There would also be the problem of the stock exchange listing. There will be two sets of shares quoted on the stock exchange. The ‘freehold’ shares will be quoted at one price, which will be higher, and the ‘Malay reservation’ shares will be quoted at another price, which is lower.
Now, what happens when a RM1.00 share, which is 'freehold', is quoted at RM10.00 per share on the stock exchange while the ‘Malay reservation’ share is quoted at only RM0.80? The Chinese would make millions while the Malays would lose their pants. I, for one, would never buy a ‘Malay reservation’ share but would rather buy shares that can be sold freely on the market at a much higher price.
The important thing, however, is that once shares are issued to Malays they are 'frozen' and cannot be sold unless to another Malay.
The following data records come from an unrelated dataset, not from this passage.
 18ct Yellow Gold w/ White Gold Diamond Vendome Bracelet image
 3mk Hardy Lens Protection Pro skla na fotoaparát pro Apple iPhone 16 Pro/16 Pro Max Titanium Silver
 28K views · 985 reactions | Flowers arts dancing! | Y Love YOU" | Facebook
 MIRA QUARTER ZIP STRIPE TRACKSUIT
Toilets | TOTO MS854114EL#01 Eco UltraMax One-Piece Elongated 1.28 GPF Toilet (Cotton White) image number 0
This would ensure that the 30% target can be achieved and Malays will forever own those shares. But the shares will hardly be worth more than the issue price and at times maybe even less than the issue price. But if the 30% target is the main issue then this would address the issue although in terms of real wealth there would not be much to shout about.
So you see, dear Khairy, at around the time you were born we already discussed this matter at great length. And the best brains in Malaysia at that time were not able to find a solution. We can stop questioning the Bumiputera equity target, as what you asked us to do. But how are we going to ensure that we reach that 30% target unless you can find a way to stop the Malays from selling what the government gives them and then secretly transferring the money overseas to buy property or to save in foreign bank accounts?
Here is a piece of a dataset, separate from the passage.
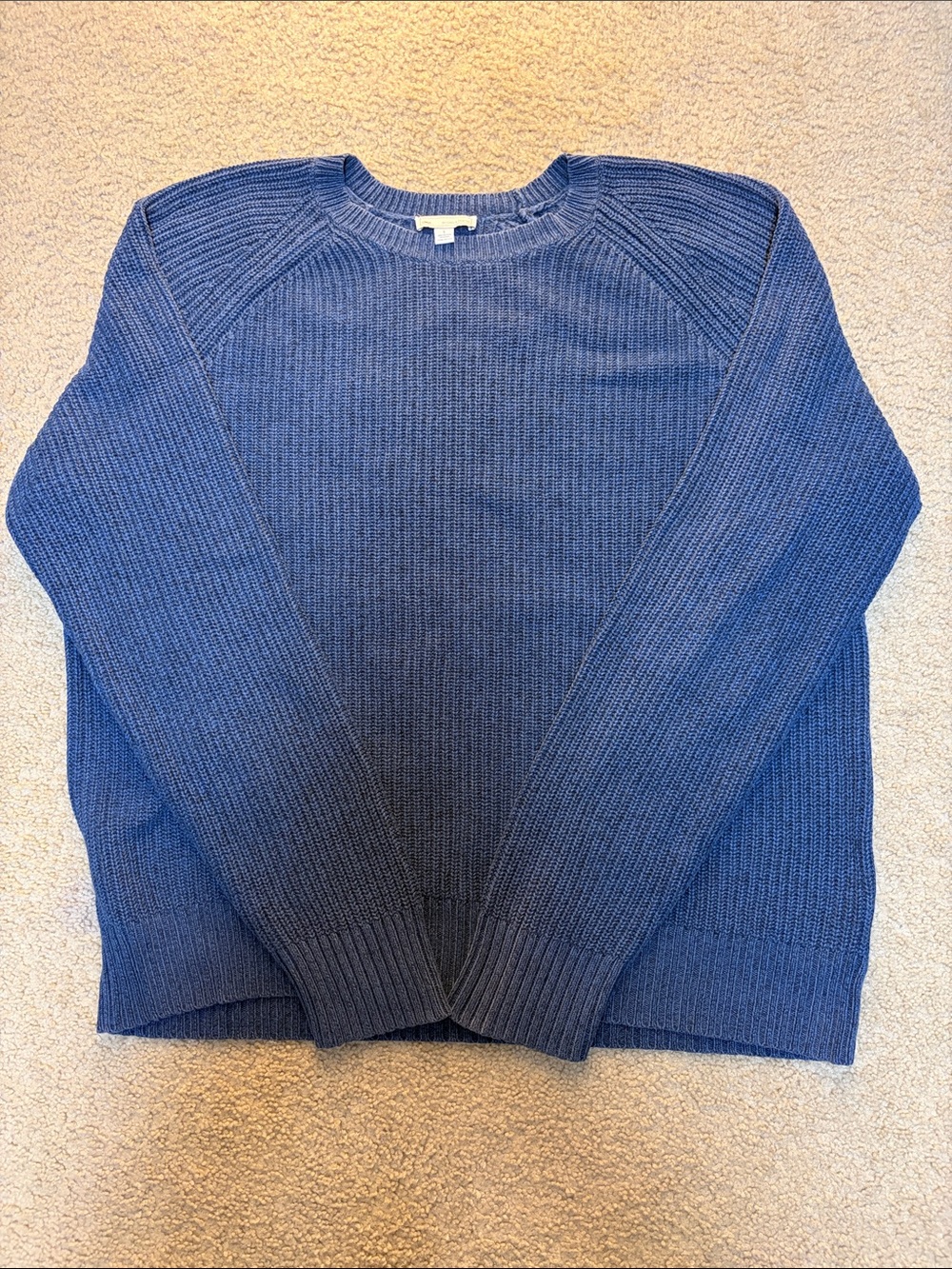 GAP Men's Navy Ribbed Crewneck Sweater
And please don’t say this is not happening. It is. In fact, your own family does it as well -- as do many of my Malay friends, most of whom you too personally know.
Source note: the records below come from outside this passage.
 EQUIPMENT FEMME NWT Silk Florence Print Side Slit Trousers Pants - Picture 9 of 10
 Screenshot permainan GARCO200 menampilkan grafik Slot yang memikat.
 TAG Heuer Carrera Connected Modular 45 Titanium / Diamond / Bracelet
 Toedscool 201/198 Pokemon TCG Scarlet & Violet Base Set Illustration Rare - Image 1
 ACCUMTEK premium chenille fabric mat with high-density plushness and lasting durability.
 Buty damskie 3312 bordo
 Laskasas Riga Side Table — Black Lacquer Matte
Dear Khairy, let me assure you that I will support any move of yours to address this Malay problem. But, as we discussed back in 1976 when you were first born, we need to find a solution on how to enlarge the cake so that there is more to go around and not on how to steal other people’s cake. And we also need to solve the problem of how the Malays can keep the cake and not eat it because once you eat the cake it will be gone. You just can’t eat your cake and have it as well.
I trust your Oxford education will not go to waste and that you can use the wisdom you have gained in Oxford to find a solution to a problem that many of the best brains in Malaysia were not able to solve since the day you were born back in 1976.